Regent self-describes as “the company pioneering electric seagliders for sustainable maritime transportation.” So, what exactly is a seaglider? How is it different from a hydrofoil, whose hull rises from the surface of the water onto thin lifting vanes attached to the underside?
A seaglider is a "wing-in-ground effect” vehicle, or "WIG," according to Regent co-founder and CEO Billy Thalheimer. It takes the concept of a hydrofoil a step further (so to speak). Though it does have vanes and is designed to also operate as a hydrofoil at times, Regent’s electric-powered seaglider uses a gull-shaped high wing to lift the hull completely off the surface, but never higher than its wingspan. Using that cushion of air well known to pilots, the craft can attain speeds up to 160 knots and has a range of up to 160 statute miles—expected to expand to as far as 500 miles with improvements in battery technology. The current business plan calls for short-range, dock-to-dock service between cities a few hundred miles apart, such as Boston and New York, or Los Angeles and San Francisco. The company projects other possible maritime markets, including the Caribbean, Hawaii and the English Channel.
In 2021, Thalheimer and co-founder Mike Klinker published an engineering white paper titled “Opportunities for Electric Seagliders in the Future Sustainable Transportation Ecosystem.” Regent has since attracted interest from investors and business partners including Lockheed Martin, Japan Airlines, Mesa Airlines, Hawaiian Airlines and Mark Cuban Companies, among many others. The company claims $8 billion in preorders (albeit: terms not disclosed) for up to 500 seagliders.
Last September, Regent successfully test-flew a quarter-scale proof of concept pilotless prototype. This April, it revealed a full-size mockup of its proposed 12-passenger Viceroy model. That version is scheduled for manned flight next year, with service entry to follow "shortly." Ultimate plans call for a 100-passenger version.
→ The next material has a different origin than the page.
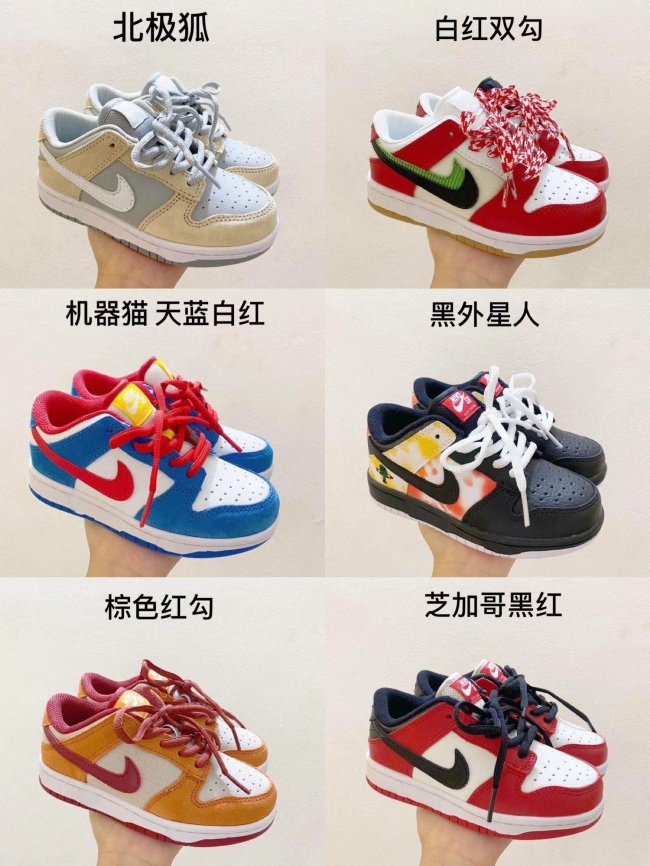 Kids SB Dunk Shoes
What might be its best attribute from the business perspective of developmental cost is the fact that a seaglider, billed as half the cost of an airplane, but six times as fast as a conventional ferry, never climbs out of ground effect, and is designed to travel exclusively over water. One of the greatest safety challenges of electric airplanes—running out of juice with nowhere to land—is not nearly as much of a hazard with a seaglider.
Thalheimer pointed out, “This is not aviation. Maritime captains will be in the cockpit. We’re being put through an extremely rigorous certification process. It just happens to be by the Coast Guard.”